Na de Tweede Wereldoorlog werd het Ruhrgebied snel weer opgebouwd. In 1956, het hoogtepunt van de mijnbouw, werkten er bijna 500.000 mensen in de mijnbouw. Ten tijde van het Wirtschaftswunder werden de industrieën opnieuw opgebouwd en werd er hypermodern geproduceerd. Ook kwamen er andere industrietakken bij zoals machinebouw en elektronica.

Na de kolencrisis volgde in 1974 de staalcrisis. Door de daling van de wereldwijde vraag naar staal, als gevolg van de oliecrisis, daalde de staalproductie met een derde. Het verlies aan banen in de kolen- en staalindustrie kon slechts ten dele worden opgevangen door een groei van banen in de dienstensector.

Geografie[bewerken | brontekst bewerken]

De grootste stad van Noord-Duitsland is Hamburg met 1,7 miljoen inwoners; het is ook een belangrijk industrieel centrum en heeft een belangrijke haven.

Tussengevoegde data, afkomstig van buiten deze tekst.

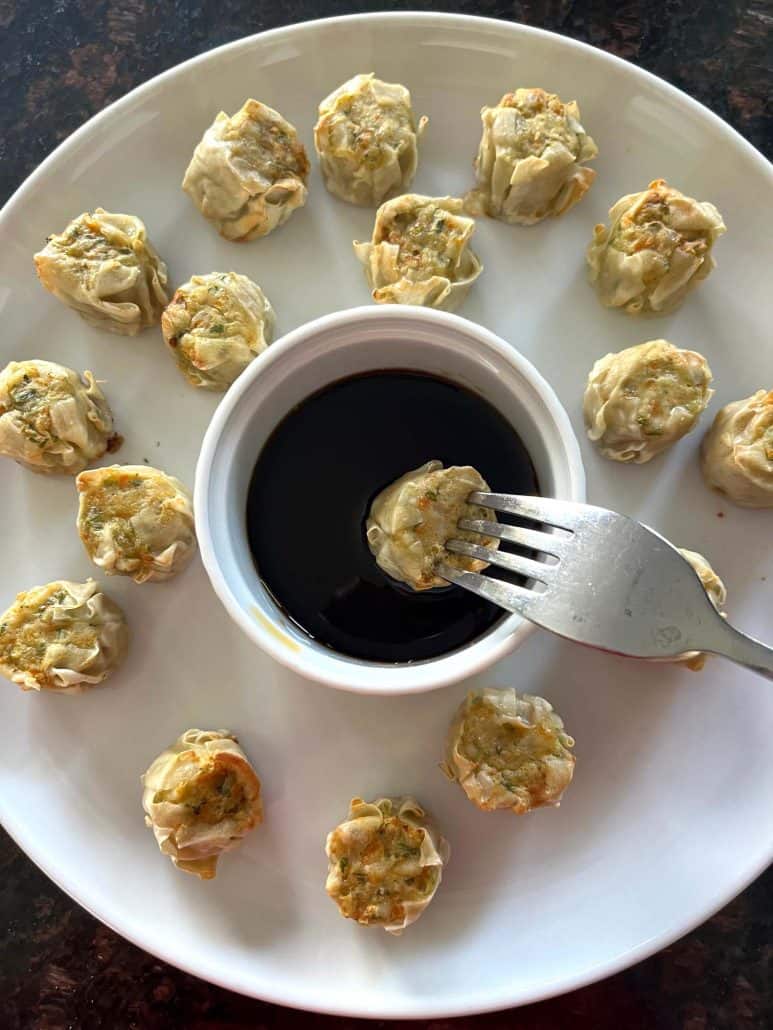 Fork dipping a Trader Joe’s Chicken Shu Mai dumpling into soy-based sauce, with the rest of the dumplings arranged around the dipping cup on a white plate.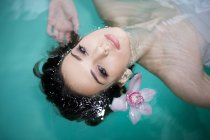 Bella giovane donna galleggiante nella piscina termale con orchidea viola — Foto stock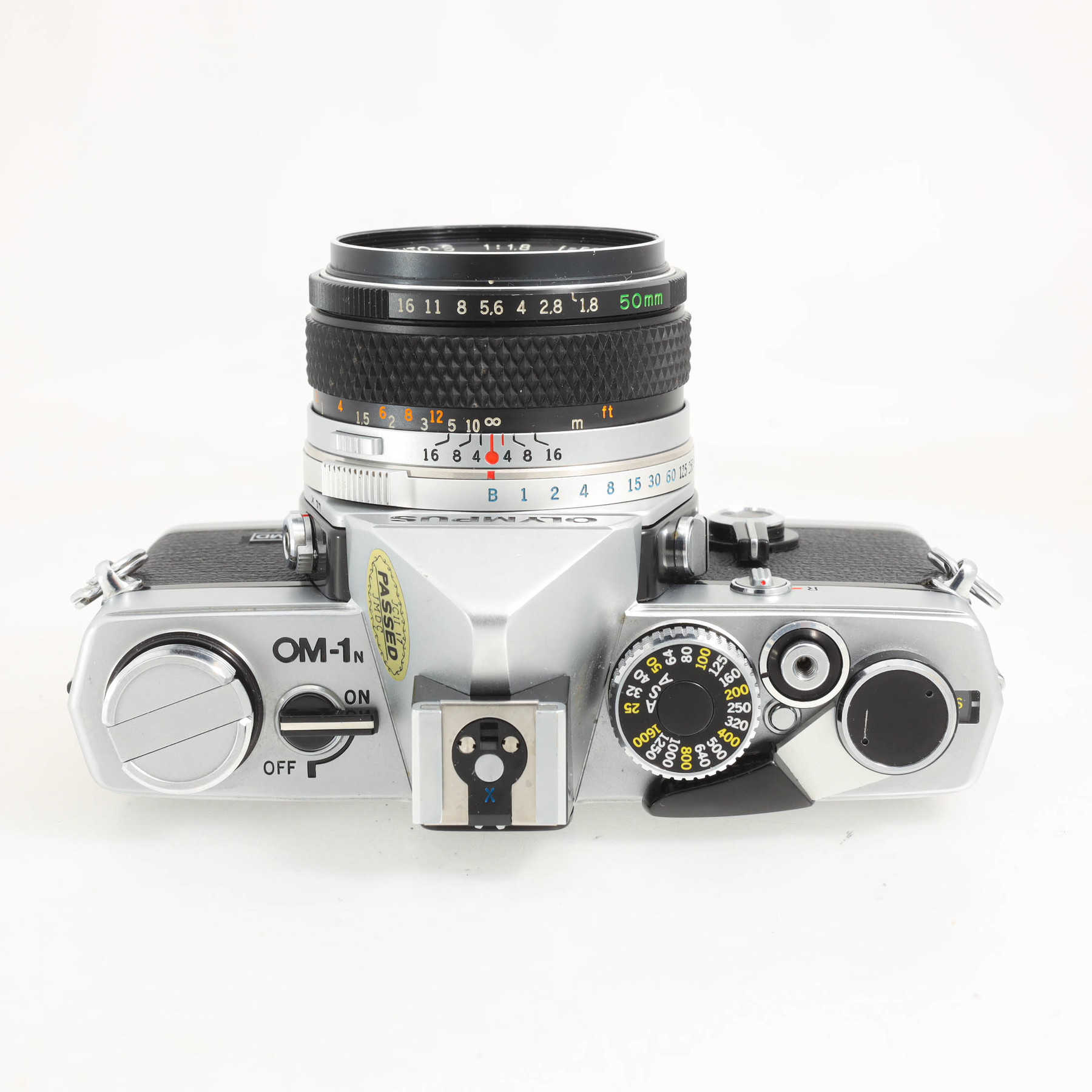 Olympus OM-1n с объективом 50mm f/1.8 F.Zuiko Olympus OM-1n с объективом 50mm f/1.8 F.Zuiko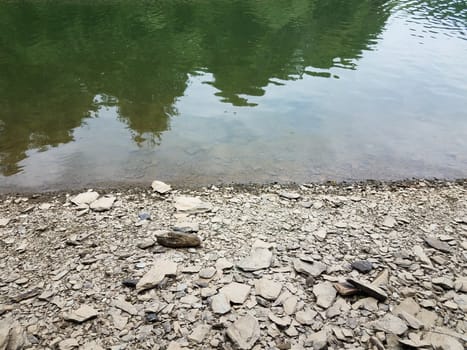 broken grey rocks and water at shore of river or lake or pond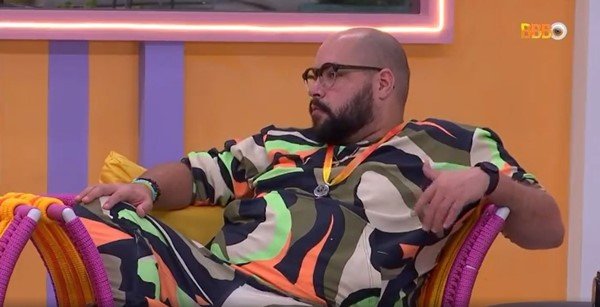 O cantor Tiago Abravanel no BBB, sentado em uma poltrona, com roupa estampada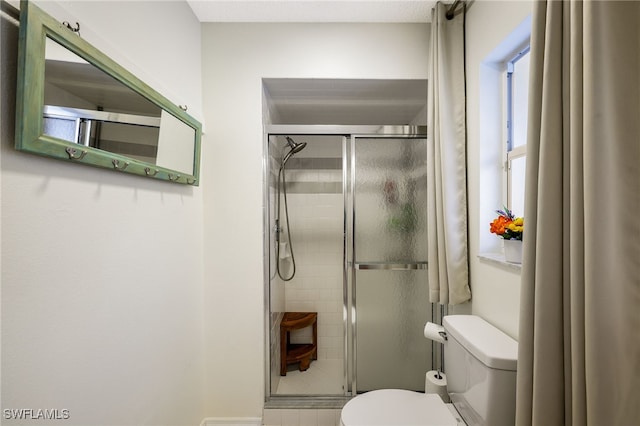 bathroom featuring a shower with door and toilet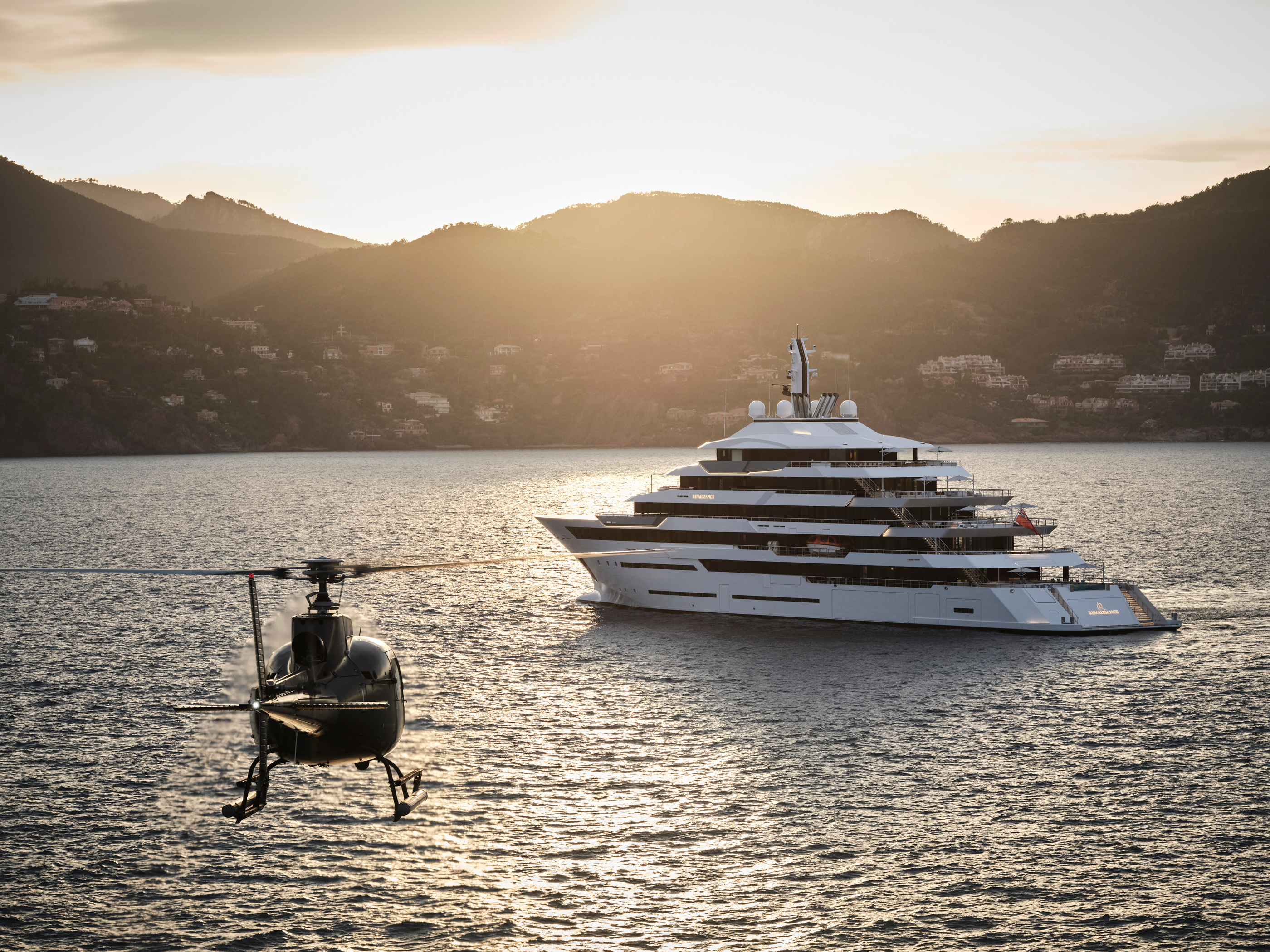 A yacht at anchor in Burgess’s published owner-services imagery.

In mindere mate geldt hetzelfde voor Bremen en Kiel.

In het westen van Duitsland langs de noordelijke rand van de Rijnvallei liggen de grootste industriële gebieden van Duitsland, waaronder het Ruhrgebied, dat wél door grote werkloosheid wordt geteisterd. In het globaal was bijna iedereen werkloos.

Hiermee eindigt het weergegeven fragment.